I did the Hockett Trail one day and just bipped off it in some places to see some of the nearest large trees up close; even getting to some of them was pretty difficult. Just off trail the ground was so filled with small trees and underbrush that it wasn't passable in places, and it is a steep grove, with sequoia trees extending from below the 6,000-feet-altitude low point of the trail to some over 7,500 feet high. As I was walking the trail back the first evening, I looked for spots where it was not so overgrown, where I could manage to get through and away from the trail.
Finding a couple of openings one day, I did a run off trail into the eastward edge of the grove up and roughly parallel to the Kaweah East Fork through an opening in the underbrush that wasn't too bad. I got almost to the end of the sequoias on that leg pretty easily. Up the ridge a ways there is a roughly five-acre or so flat where there is a really nice grouping of beautiful sequoias, with one beauty just over 20k in volume, the largest I saw in that area.
Another day I did some of the area off trail on the western end of the grove around Deer Creek; that was thick with undergrowth. There might be no good paths through the voluminous brush and small trees there. I will have to try again on some subsequent trip to see if I can get farther up Deer Creek. I really didn't get far that day. There's a lot more for me to explore up in that end of the grove. Likely the largest tree up there once was a big snag I saw very near the trail. You could pick it out from nearly a mile away on the trail coming in overlooking the river's gorge. I wish I had seen that one in its prime.

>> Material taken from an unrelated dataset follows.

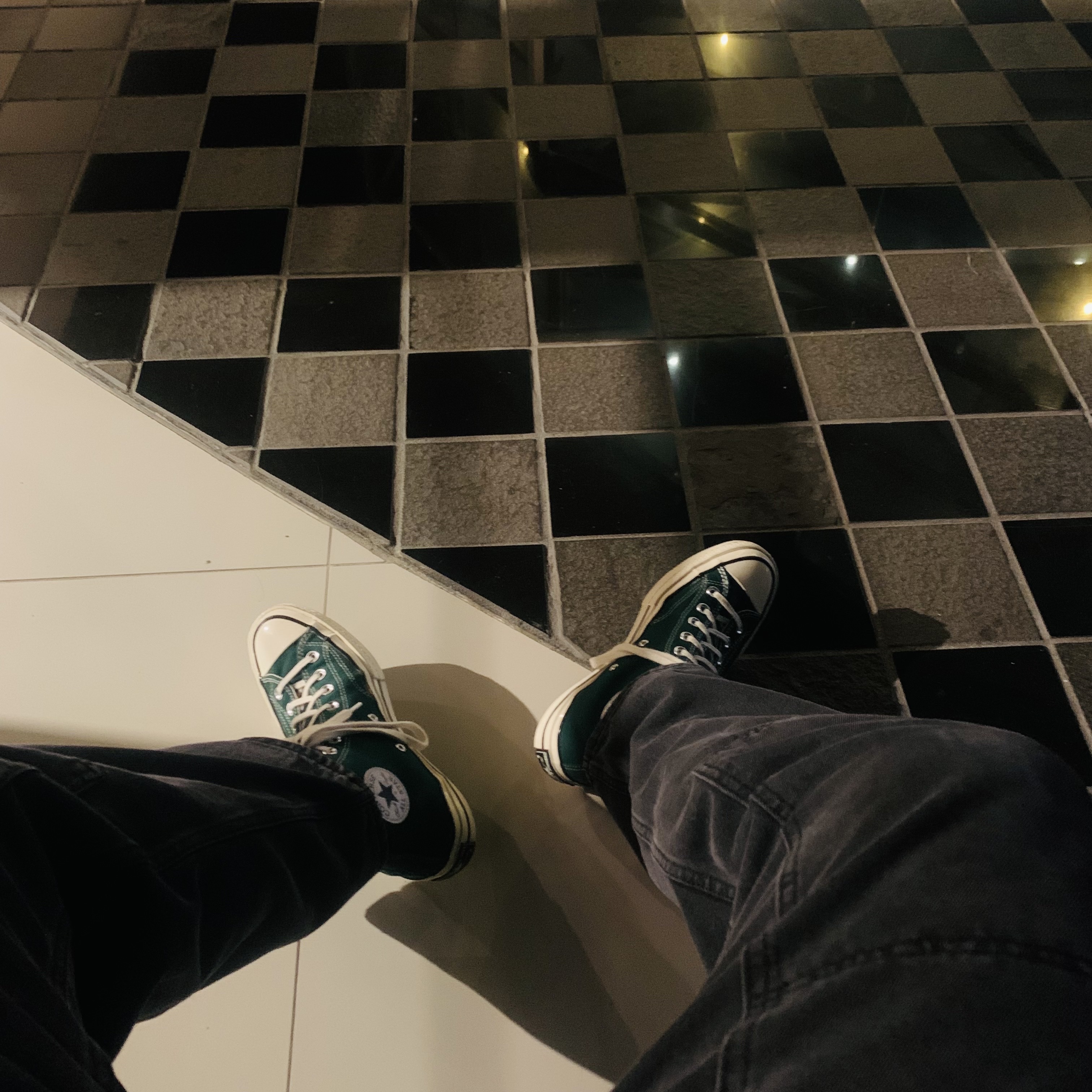 Converse Chuck 70 High Midnight Clover 착용 스타일 - 1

All in all it was a very scenic trip, with pretty waterfalls along both Deer Creek and the Kaweah East Fork, a really nice view of the grove coming in on the trail across the ravine, and lots of decently large sequoias, though none of record-breaking volume. It was very quiet since the access is presently limited and late enough in the season that the pesky mosquitos were not really swarming. Add to that a nice cabin to sleep in, and what more could you ask for?
Specs shown below on some of the larger trees that i measured over the long weekend:
Hockett Trail Tree Base circumference: 66' DBH: 15.9' Height: 227' Volume: 19,179 Cubic Feet
Past Hockett Trail Tree, below trail Base circumference: 69' DBH: 15.6' Height: 240' Volume: 20,284 Cubic Feet
Largest live one i measured in Deer Creek Base circumference: 65' DBH: 16.8' Height: 225' Volume: 17,562 Cubic Feet
Below are some pics of the largest ones I saw in the grove:
Kaweah Beauty located up above the East Fork: 69 feet ground perimeter, 19.1 feet diameter level at high ground, 16.5 feet dbh, and 20,516 cubic feet volume, it was the largest tree i got measurements for. This one is a beautiful example of the species, with nice spiraling bark, only a small burn on the lower side of its base, and the typical soaring dead spire outreaching its topmost foliage by a dozen feet.
This upper Deer Creek area snag was once a very large tree, and you can see it from the trail far away while hiking in. Now there is not much left of it.
The largest tree actually on the Hockett Trail, and some other various large sequoias in the grove including the ones listed in the specs above.
Very foggy, but a great grove.
Two pics below of the East Fork of the Kaweah. The third one is of Deer Creek.
The Touchdown Jesus (on the left) and a couple of his neighbors in Atwell as seen from over a mile away across the Kaweah River while I was hiking in the East Fork grove.